Elle est d’ailleurs, dans son peuplement, influencée par la Malaisie, comme en témoigne la présence d’une forte minorité musulmane. Phuket, connue des européens depuis le XVIIème siècle, est d’abord dévolue à l’extraction et au traitement de l’étain ainsi qu’à la culture de l’hévéa. Cette orientation explique la présence d’une communauté chinoise nombreuse, les baba, venue comme main d’œuvre au XIXème siècle. Les deux activités périclitent à partir des années 1960 au moment où se développe le tourisme.
La mise en tourisme s’appuie sur les multiples aménités du site. La proximité de l’équateur, le climat tropical de mousson, l’insularité, le patrimoine bouddhiste … participent à une ouverture rapide du territoire au tourisme. Le site relativement vaste - 563 km² - s’étire sur environ 50 kilomètres du nord au sud et sur 20 kilomètres d’est en ouest. Cette forme allongée, parfaitement visible sur l’image satellite, offre une double façade maritime inégalement exploitable.
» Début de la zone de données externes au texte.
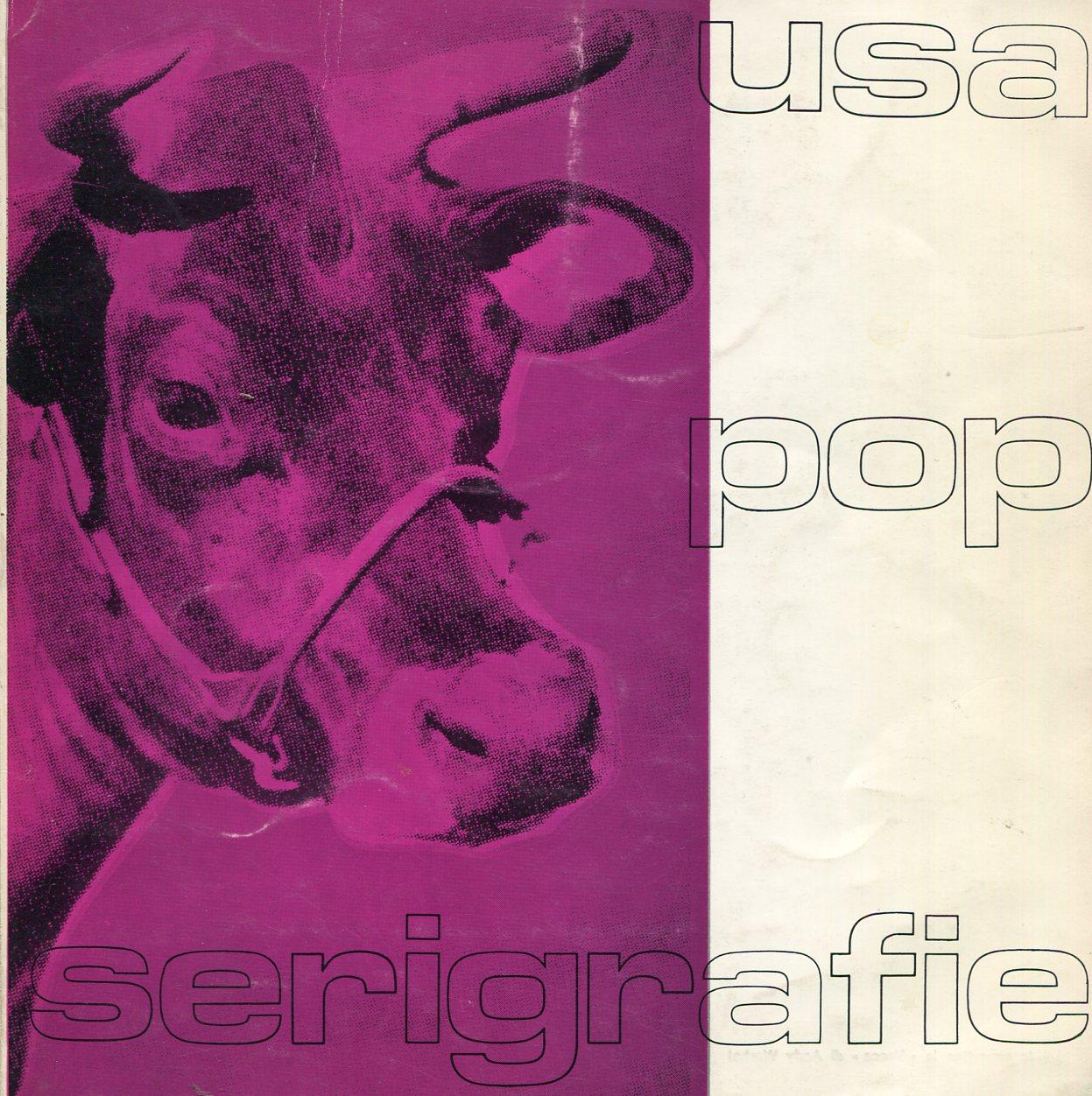 Serigrafie Pop USA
En effet, le littoral occidental propose de nombreuses baies avec des plages de sable nettement visibles sur la photographie satellite. Une dizaine de plages ponctuent le littoral, dont cinq majeurs notamment Patong Beach, Bang Tao Beach ou Mai Khao Beach à l’extrême nord de l’île. La façade orientale est à l’inverse moins favorable puisque très boueuse. Seulement deux baies, Kung Bay au nord en face du détroit de Pak Prah et Chalong Bay au sud-est, offrent quelques potentialités pour le tourisme. L’image montre aussi que le peuplement, notamment Phuket Town, était majoritairement concentré dans la partie sud-est du territoire laissant les plages occidentales à l’origine peu exploitées tout comme le nord-est du territoire.
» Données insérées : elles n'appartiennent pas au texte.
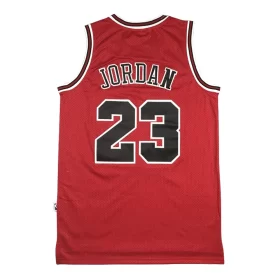 Jordan 98 Classic Red Jersey Cheap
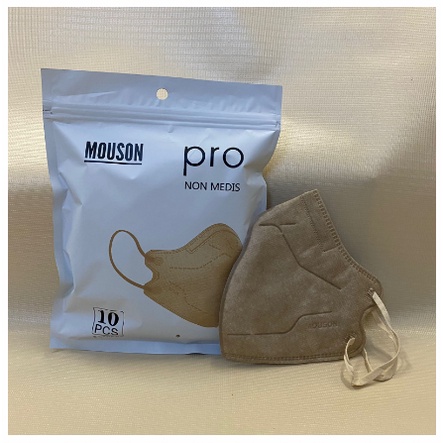 Mouson Masker KN95 Pro isi 10pcs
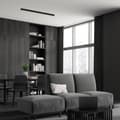 Miniatyrbild 4 av 8: Taklampa LUNGO 1xT8 18W LED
L’image satellite montre aussi l’ampleur du couvert forestier. Encore aujourd’hui, une grande partie de l’île conserve une végétation tropicale en partie protégée notamment au nord-ouest, au sud de l’aéroport, dans le Parc naturel national de Sirinat, ainsi qu’au centre de l’ile dans les espaces montagneux et entre les différentes plages de la côte occidentale. Climat, relief et végétation participent ainsi aux aménités du territoire. Le climat de mousson permet des températures jamais inférieures à 25°C et une double saisonnalité. Entre novembre et avril, durant la saison sèche, Phuket fait figure « d’éden tropical » d’autant plus attractif que c’est une destination de contre-saison pour une clientèle occidentale et d’abord européenne. L’écart de développement et de niveau de vie renforcent l’attractivité du territoire y compris face à Bangkok et Pattaya.
Resort et sexscape au cœur d’une enclave tropicale
La mise en tourisme de Phuket débute à la fin des années 1960 et s’intensifie dans les années 1970. En effet, les mutations du transport aérien, l’action de l’État thaïlandais – dans le cadre de la création du TAT (Thaï Tourism Authority) – et l’intervention militaire américaine au Vietnam expliquent la rapidité et la brutalité de la mise en tourisme de la Thaïlande.
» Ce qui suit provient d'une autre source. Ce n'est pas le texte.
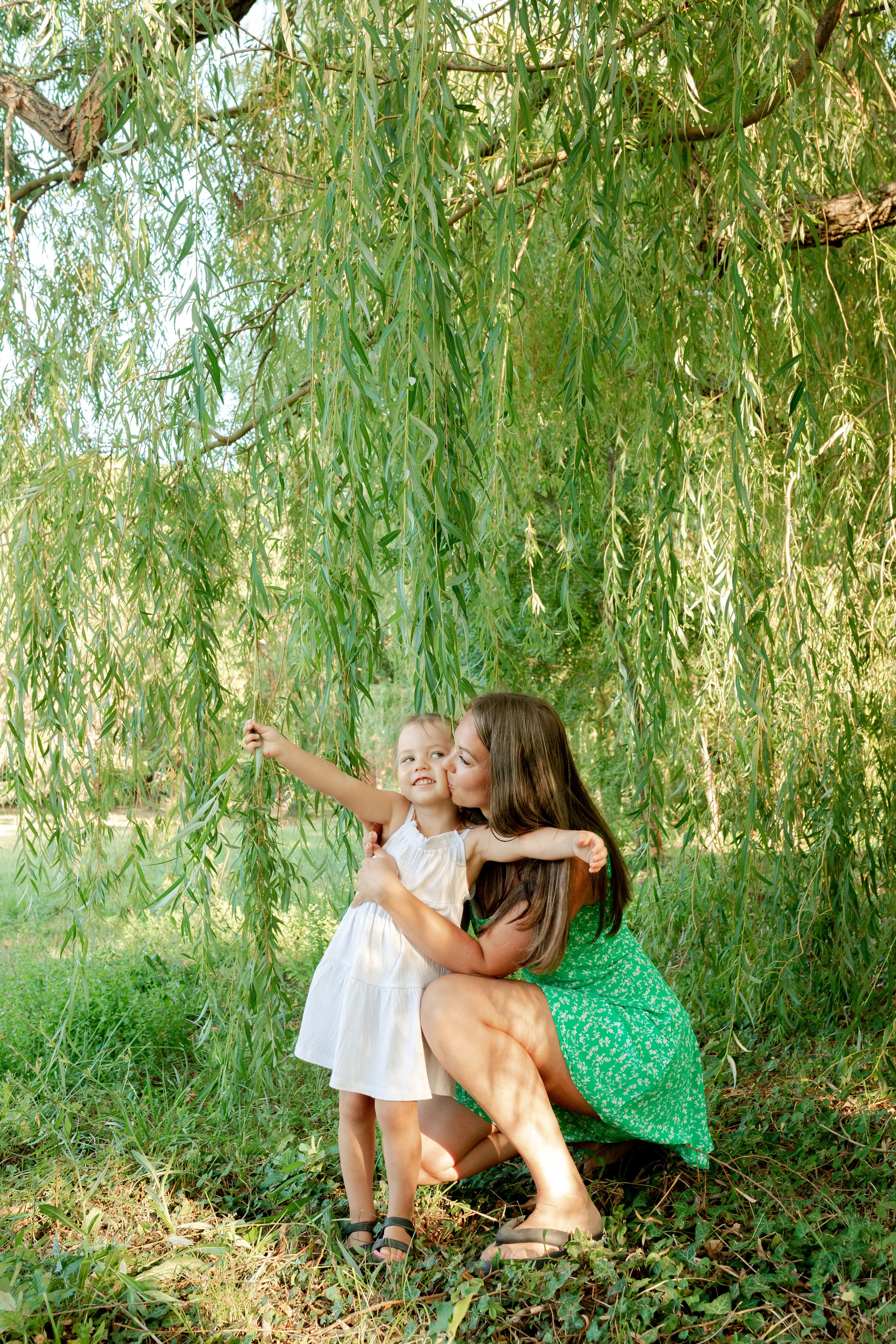 Ира, Антон, Соня и Лиза. Фотограф в Геленджике, Архипо-Осиповке, Абрау-Дюрсо, Кринице Виктория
L’ancien Siam, allié des États-Unis durant la guerre froide, est à la fois une base logistique et une base de repos pour les forces armées américaines. Les R&R (Rest and Recreation) contribuent à construire des pratiques et des imaginaires du tourisme en Thaïlande notamment la prostitution, la balnéarité, l’exotisme, la permissivité … C’est d’abord Bangkok et Pattaya qui concentrent les arrivées et les fantasmes. Phuket devient la troisième polarité du tourisme dès la construction de l’aéroport en 1976. Un millier de chambres sont proposées aux touristes en 1977, plus de 6 500 en 1987 et 10 000 en 1990.
Cette mise en tourisme recompose rapidement l’organisation spatiale de Phuket. Les représentations construites et colportées par les soldats américains font de la Thaïlande et particulièrement de Phuket « une brèche de liberté, de permissivité, de déviances, de fantasmes » qui se confondent avec des pratiques balnéaires, hédonistes, érotiques et sexuelles construites sur de multiples inégalités et illégalismes. Les routards sont les premiers à fréquenter l’île perçue comme vierge et exotique alors que la partie sud-est du territoire est déjà largement peuplée. L’image satellite témoigne de l’opposition entre la façade occidentale où se situe les plages séparées par de pointes rocheuses et le littoral oriental déjà densément occupé, au moins au sud, par la ville. La mise en tourisme se concentre sur la partie occidentale, qui répond le mieux aux imaginaires des touristes occidentaux, et d’abord à Patong Beach, la plus proche de Phuket Town.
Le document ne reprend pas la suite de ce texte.